Prospective Study
Copyright ©The Author(s) 2015. Published by Baishideng Publishing Group Inc. All rights reserved.
World J Gastrointest Surg. Oct 27, 2015; 7(10): 267-272
Published online Oct 27, 2015. doi: 10.4240/wjgs.v7.i10.267
Laparoscopic vs mini-incision open appendectomy
Fatih Çiftçi
Fatih Çiftçi, Vocational School of Health Services, Istanbul Gelisim University, Istanbul 34306, Turkey
Author contributions: Çiftçi F designed research; performed research; contributed to new reagents or analytic tools; analyzed data; wrote the paper; performed surgical operations.
Supported by General Surgery Department Safa Hospital, Istanbul, Turkey.
Institutional review board statement: The study was reviewed and approved by the Safa Hospital Institutional Review Board.
Informed consent statement: All study participants, or their legal guardian, provided informed written consent prior to study enrollment.
Conflict-of-interest statement: Çiftçi F hasn’t received fees for serving as a speaker, any of organisations. Çiftçi F hasn’t received research funding from any of organisations. Çiftçi F isn’t any employee of organisations.
Open-Access: This article is an open-access article which was selected by an in-house editor and fully peer-reviewed by external reviewers. It is distributed in accordance with the Creative Commons Attribution Non Commercial (CC BY-NC 4.0) license, which permits others to distribute, remix, adapt, build upon this work non-commercially, and license their derivative works on different terms, provided the original work is properly cited and the use is non-commercial. See:
Correspondence to: Fatih Çiftçi, MD, Assistant Professor, Vocational School of Health Services, Istanbul Gelisim University, Basaksehir Mah., Erciyes Sok. No 15, Daire 24, Basaksehir, Istanbul 34306, Turkey.
Telephone: +90-505-6164248 Fax: +90-212-4627056
Received: March 27, 2015
Peer-review started: March 28, 2015
First decision: April 24, 2015
Revised: May 10, 2015
Accepted: August 28, 2015
Article in press: September 7, 2015
Published online: October 27, 2015

AIM: To compare laparoscopic vs mini-incision open appendectomy in light of recent data at our centre.

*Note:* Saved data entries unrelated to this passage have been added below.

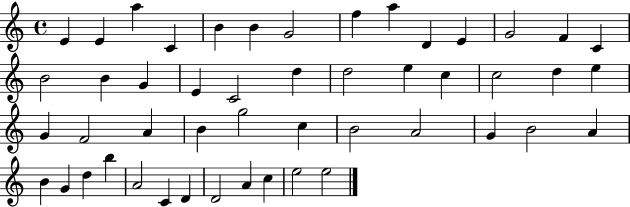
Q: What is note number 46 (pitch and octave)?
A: A4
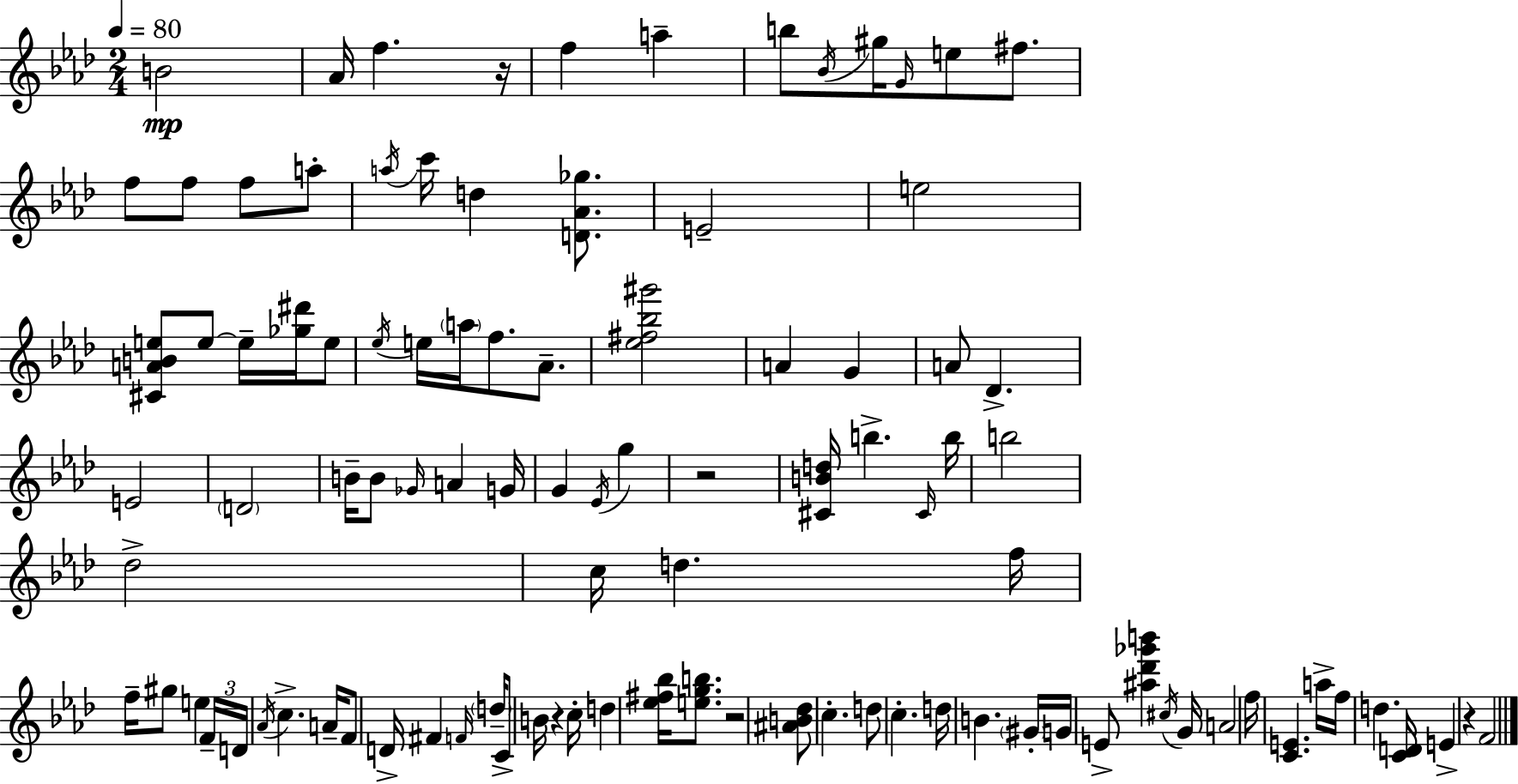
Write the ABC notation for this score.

X:1
T:Untitled
M:2/4
L:1/4
K:Ab
B2 _A/4 f z/4 f a b/2 _B/4 ^g/4 G/4 e/2 ^f/2 f/2 f/2 f/2 a/2 a/4 c'/4 d [D_A_g]/2 E2 e2 [^CABe]/2 e/2 e/4 [_g^d']/4 e/2 _e/4 e/4 a/4 f/2 _A/2 [_e^f_b^g']2 A G A/2 _D E2 D2 B/4 B/2 _G/4 A G/4 G _E/4 g z2 [^CBd]/4 b ^C/4 b/4 b2 _d2 c/4 d f/4 f/4 ^g/2 e F/4 D/4 _A/4 c A/4 F/2 D/4 ^F F/4 d/4 C/2 B/4 z c/4 d [_e^f_b]/4 [egb]/2 z2 [^AB_d]/2 c d/2 c d/4 B ^G/4 G/4 E/2 [^a_d'_g'b'] ^c/4 G/4 A2 f/4 [CE] a/4 f/4 d [CD]/4 E z F2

METHODS: The data of patients who underwent appendectomy between January 2011 and June 2013 were collected. The data included patients’ demographic data, procedure time, length of hospital stay, the need for pain medicine, postoperative visual analog scale of pain, and morbidities. Pregnant women and patients with previous lower abdominal surgery were excluded. Patients with surgery converted from laparoscopic appendectomy (LA) to mini-incision open appendectomy (MOA) were excluded. Patients were divided into two groups: LA and MOA done by the same surgeon. The patients were randomized into MOA and LA groups a computer-generated number. The diagnosis of acute appendicitis was made by the surgeon with physical examination, laboratory values, and radiological tests (abdominal ultrasound or computed tomography). All operations were performed with general anaesthesia. The postoperative vision analog scale score was recorded at postoperative hours 1, 6, 12, and 24. Patients were discharged when they tolerated normal food and passed gas and were followed up every week for three weeks as outpatients.

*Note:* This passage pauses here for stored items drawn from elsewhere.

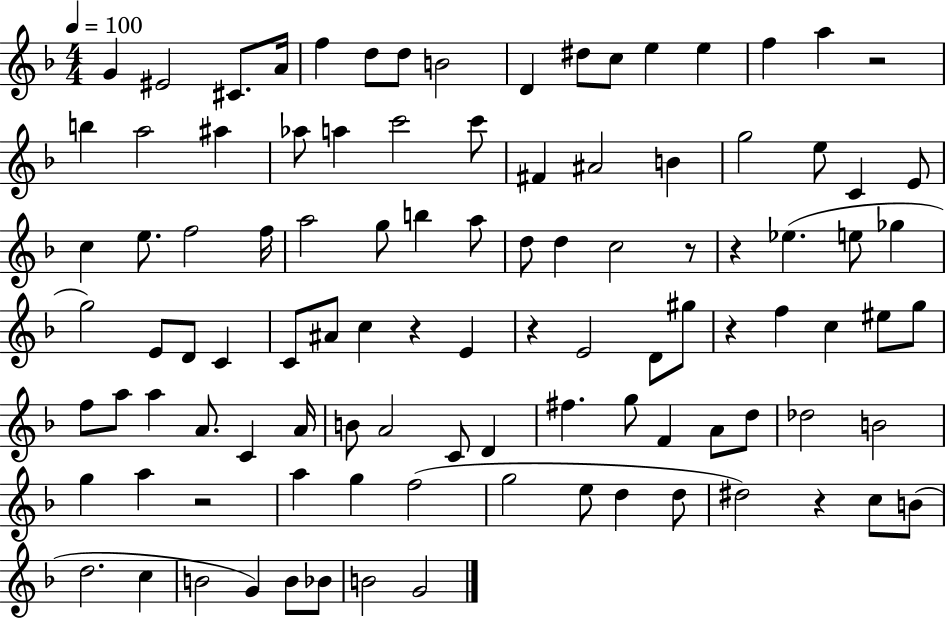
X:1
T:Untitled
M:4/4
L:1/4
K:F
G ^E2 ^C/2 A/4 f d/2 d/2 B2 D ^d/2 c/2 e e f a z2 b a2 ^a _a/2 a c'2 c'/2 ^F ^A2 B g2 e/2 C E/2 c e/2 f2 f/4 a2 g/2 b a/2 d/2 d c2 z/2 z _e e/2 _g g2 E/2 D/2 C C/2 ^A/2 c z E z E2 D/2 ^g/2 z f c ^e/2 g/2 f/2 a/2 a A/2 C A/4 B/2 A2 C/2 D ^f g/2 F A/2 d/2 _d2 B2 g a z2 a g f2 g2 e/2 d d/2 ^d2 z c/2 B/2 d2 c B2 G B/2 _B/2 B2 G2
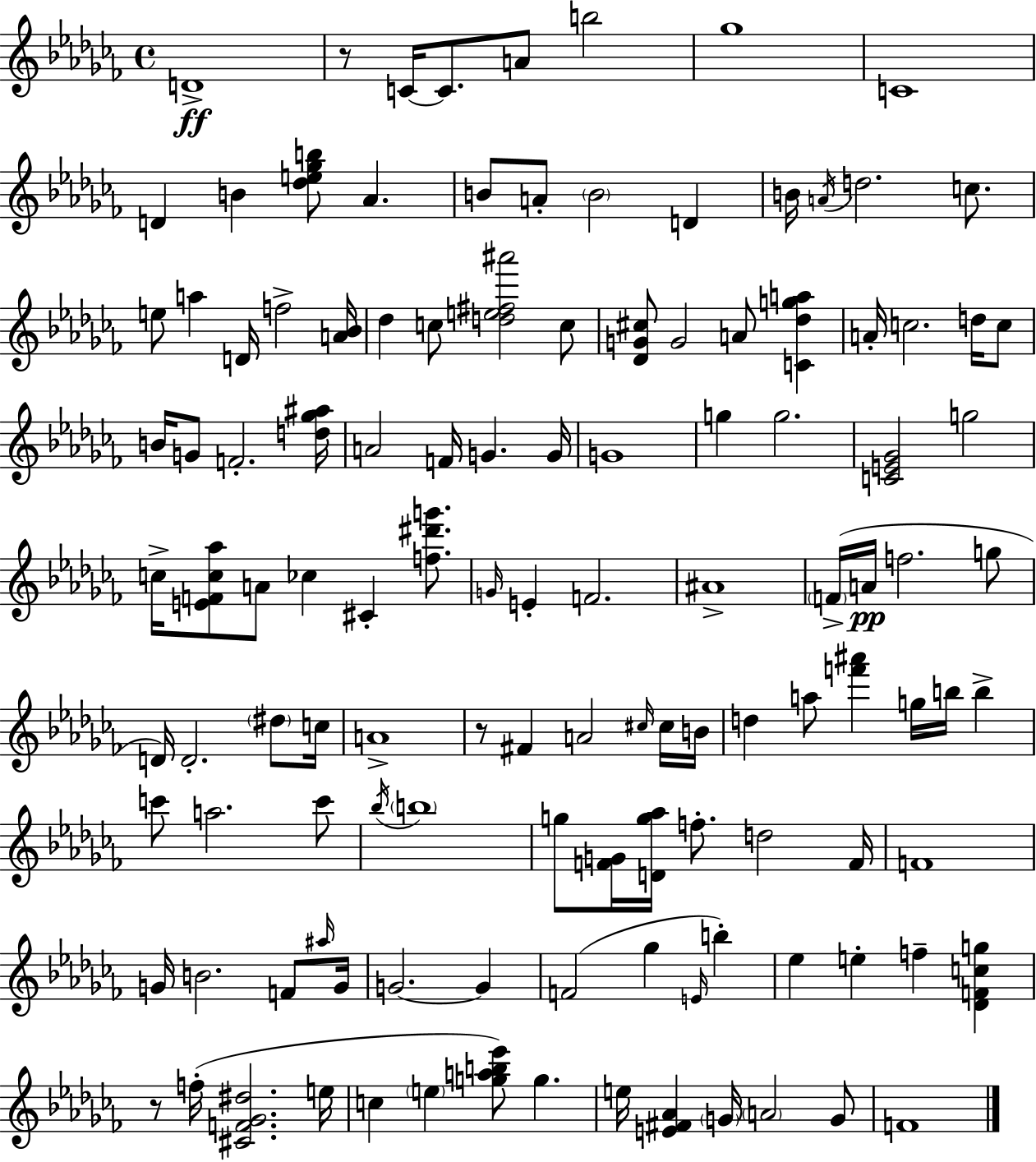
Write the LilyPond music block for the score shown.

{
  \clef treble
  \time 4/4
  \defaultTimeSignature
  \key aes \minor
  d'1->\ff | r8 c'16~~ c'8. a'8 b''2 | ges''1 | c'1 | \break d'4 b'4 <des'' e'' ges'' b''>8 aes'4. | b'8 a'8-. \parenthesize b'2 d'4 | b'16 \acciaccatura { a'16 } d''2. c''8. | e''8 a''4 d'16 f''2-> | \break <a' bes'>16 des''4 c''8 <d'' e'' fis'' ais'''>2 c''8 | <des' g' cis''>8 g'2 a'8 <c' des'' g'' a''>4 | a'16-. c''2. d''16 c''8 | b'16 g'8 f'2.-. | \break <d'' ges'' ais''>16 a'2 f'16 g'4. | g'16 g'1 | g''4 g''2. | <c' e' ges'>2 g''2 | \break c''16-> <e' f' c'' aes''>8 a'8 ces''4 cis'4-. <f'' dis''' g'''>8. | \grace { g'16 } e'4-. f'2. | ais'1-> | \parenthesize f'16->( a'16\pp f''2. | \break g''8 d'16) d'2.-. \parenthesize dis''8 | c''16 a'1-> | r8 fis'4 a'2 | \grace { cis''16 } cis''16 b'16 d''4 a''8 <f''' ais'''>4 g''16 b''16 b''4-> | \break c'''8 a''2. | c'''8 \acciaccatura { bes''16 } \parenthesize b''1 | g''8 <f' g'>16 <d' g'' aes''>16 f''8.-. d''2 | f'16 f'1 | \break g'16 b'2. | f'8 \grace { ais''16 } g'16 g'2.~~ | g'4 f'2( ges''4 | \grace { e'16 }) b''4-. ees''4 e''4-. f''4-- | \break <des' f' c'' g''>4 r8 f''16-.( <cis' f' ges' dis''>2. | e''16 c''4 \parenthesize e''4 <g'' a'' b'' ees'''>8) | g''4. e''16 <e' fis' aes'>4 \parenthesize g'16 \parenthesize a'2 | g'8 f'1 | \break \bar "|."
}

RESULTS: Of the 243 patients, 121 (49.9%) underwent MOA, while 122 (50.1%) had laparoscopic appendectomy. There were no significant differences in operation time between the two groups (P = 0.844), whereas the visual analog scale of pain was significantly higher in the open appendectomy group at the 1st hour (P = 0.001), 6th hour (P = 0.001), and 12th hour (P = 0.027). The need for analgesic medication was significantly higher in the MOA group (P = 0.001). There were no differences between the two groups in terms of morbidity rate (P = 0.599). The rate of total complications was similar between the two groups (6.5% in LA vs 7.4% in OA, P = 0.599). All wound infections were treated non-surgically. Six out of seven patients with pelvic abscess were successfully treated with percutaneous drainage; one patient required surgical drainage after a failed percutaneous drainage. There were no differences in the period of hospital stay, operation time, and postoperative complication rate between the two groups. Laparoscopic appendectomy decreases the need for analgesic medications and the visual analog scale of pain.

CONCLUSION: The laparoscopic appendectomy should be considered as a standard treatment for acute appendicitis. Mini-incision appendectomy is an alternative for a select group of patients.

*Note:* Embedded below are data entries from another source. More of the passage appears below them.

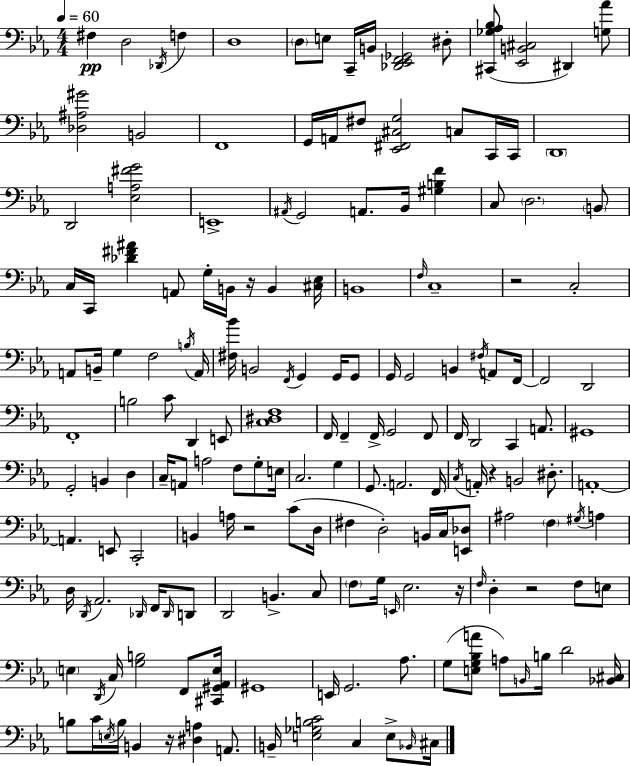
X:1
T:Untitled
M:4/4
L:1/4
K:Cm
^F, D,2 _D,,/4 F, D,4 D,/2 E,/2 C,,/4 B,,/4 [_D,,_E,,F,,_G,,]2 ^D,/2 [^C,,_G,_A,_B,]/2 [_E,,B,,^C,]2 ^D,, [G,_A]/2 [_D,^A,^G]2 B,,2 F,,4 G,,/4 A,,/4 ^F,/2 [_E,,^F,,^C,G,]2 C,/2 C,,/4 C,,/4 D,,4 D,,2 [_E,A,^FG]2 E,,4 ^A,,/4 G,,2 A,,/2 _B,,/4 [^G,B,F] C,/2 D,2 B,,/2 C,/4 C,,/4 [_D^F^A] A,,/2 G,/4 B,,/4 z/4 B,, [^C,_E,]/4 B,,4 F,/4 C,4 z2 C,2 A,,/2 B,,/4 G, F,2 B,/4 A,,/4 [^F,_B]/4 B,,2 F,,/4 G,, G,,/4 G,,/2 G,,/4 G,,2 B,, ^F,/4 A,,/2 F,,/4 F,,2 D,,2 F,,4 B,2 C/2 D,, E,,/2 [C,^D,F,]4 F,,/4 F,, F,,/4 G,,2 F,,/2 F,,/4 D,,2 C,, A,,/2 ^G,,4 G,,2 B,, D, C,/4 A,,/2 A,2 F,/2 G,/2 E,/4 C,2 G, G,,/2 A,,2 F,,/4 C,/4 A,,/4 z B,,2 ^D,/2 A,,4 A,, E,,/2 C,,2 B,, A,/4 z2 C/2 D,/4 ^F, D,2 B,,/4 C,/4 [E,,_D,]/2 ^A,2 F, ^G,/4 A, D,/4 D,,/4 _A,,2 _D,,/4 F,,/4 _D,,/4 D,,/2 D,,2 B,, C,/2 F,/2 G,/4 E,,/4 _E,2 z/4 F,/4 D, z2 F,/2 E,/2 E, D,,/4 C,/4 [G,B,]2 F,,/2 [^C,,^G,,_A,,E,]/4 ^G,,4 E,,/4 G,,2 _A,/2 G,/2 [E,G,_B,A]/2 A,/2 B,,/4 B,/4 D2 [_B,,^C,]/4 B,/2 C/4 E,/4 B,/4 B,, z/4 [^D,A,] A,,/2 B,,/4 [E,_G,B,C]2 C, E,/2 _B,,/4 ^C,/4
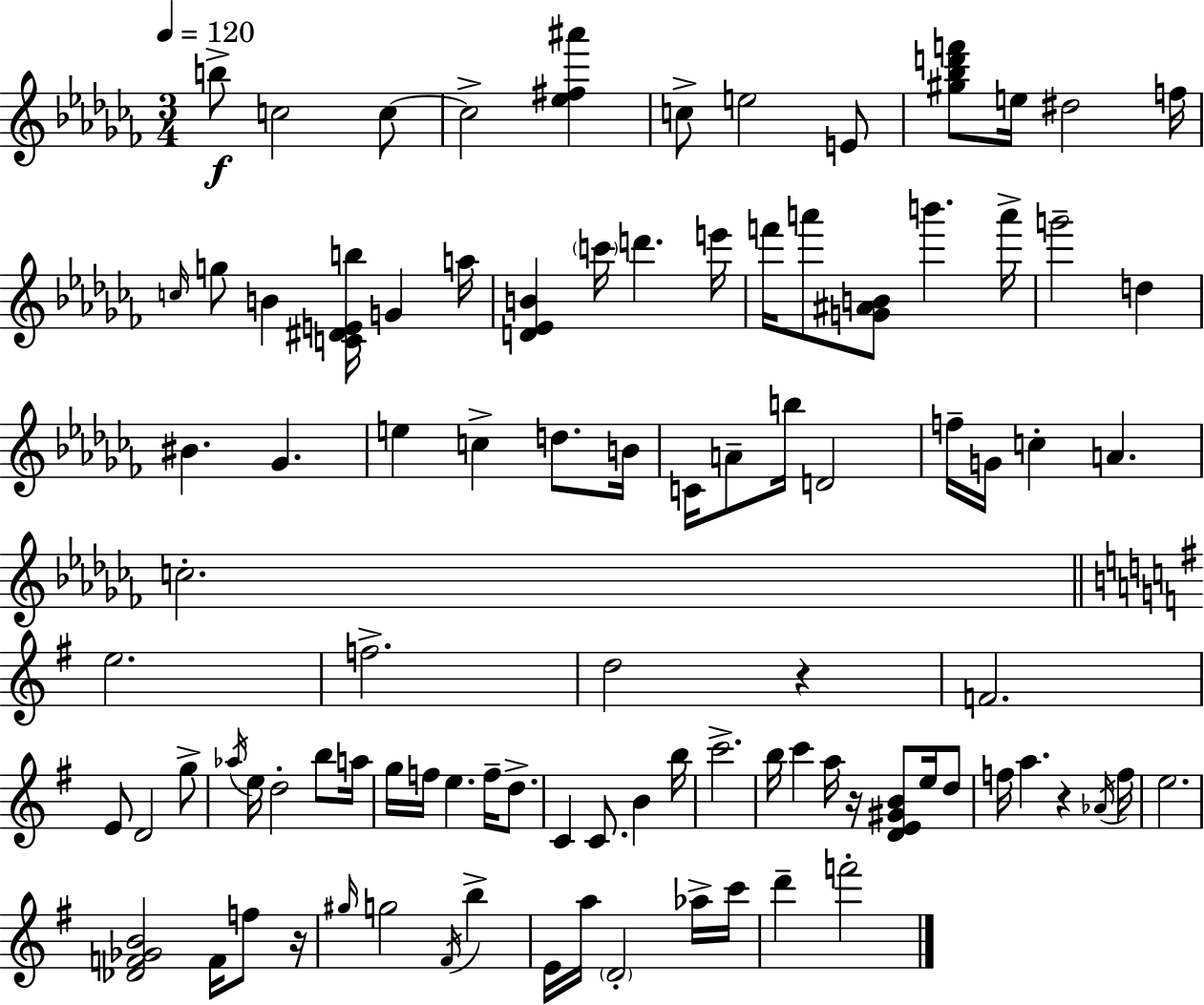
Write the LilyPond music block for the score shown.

{
  \clef treble
  \numericTimeSignature
  \time 3/4
  \key aes \minor
  \tempo 4 = 120
  \repeat volta 2 { b''8->\f c''2 c''8~~ | c''2-> <ees'' fis'' ais'''>4 | c''8-> e''2 e'8 | <gis'' bes'' d''' f'''>8 e''16 dis''2 f''16 | \break \grace { c''16 } g''8 b'4 <c' dis' e' b''>16 g'4 | a''16 <d' ees' b'>4 \parenthesize c'''16 d'''4. | e'''16 f'''16 a'''8 <g' ais' b'>8 b'''4. | a'''16-> g'''2-- d''4 | \break bis'4. ges'4. | e''4 c''4-> d''8. | b'16 c'16 a'8-- b''16 d'2 | f''16-- g'16 c''4-. a'4. | \break c''2.-. | \bar "||" \break \key g \major e''2. | f''2.-> | d''2 r4 | f'2. | \break e'8 d'2 g''8-> | \acciaccatura { aes''16 } e''16 d''2-. b''8 | a''16 g''16 f''16 e''4. f''16-- d''8.-> | c'4 c'8. b'4 | \break b''16 c'''2.-> | b''16 c'''4 a''16 r16 <d' e' gis' b'>8 e''16 d''8 | f''16 a''4. r4 | \acciaccatura { aes'16 } f''16 e''2. | \break <des' f' ges' b'>2 f'16 f''8 | r16 \grace { gis''16 } g''2 \acciaccatura { fis'16 } | b''4-> e'16 a''16 \parenthesize d'2-. | aes''16-> c'''16 d'''4-- f'''2-. | \break } \bar "|."
}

Keywords: Appendicitis, Surgical wound infections, Laparoscopic surgical procedure, Abdominal abscess, Mini-incision open appendectomy

Core tip: Acute appendicitis is mostly encountered disease in a daily routine. Researchs regarding decreasing morbidity and mortality are still needed, although it is very well known. Hospital stay, operation time, postoperative complication rates are important for the management of acute appendicitis. Therefore, we suggest that laparoscopic appendectomy should be accepted as a standard treatment for acute appendicitis. Mini-incision appendectomy is an alternative for a select group of patients.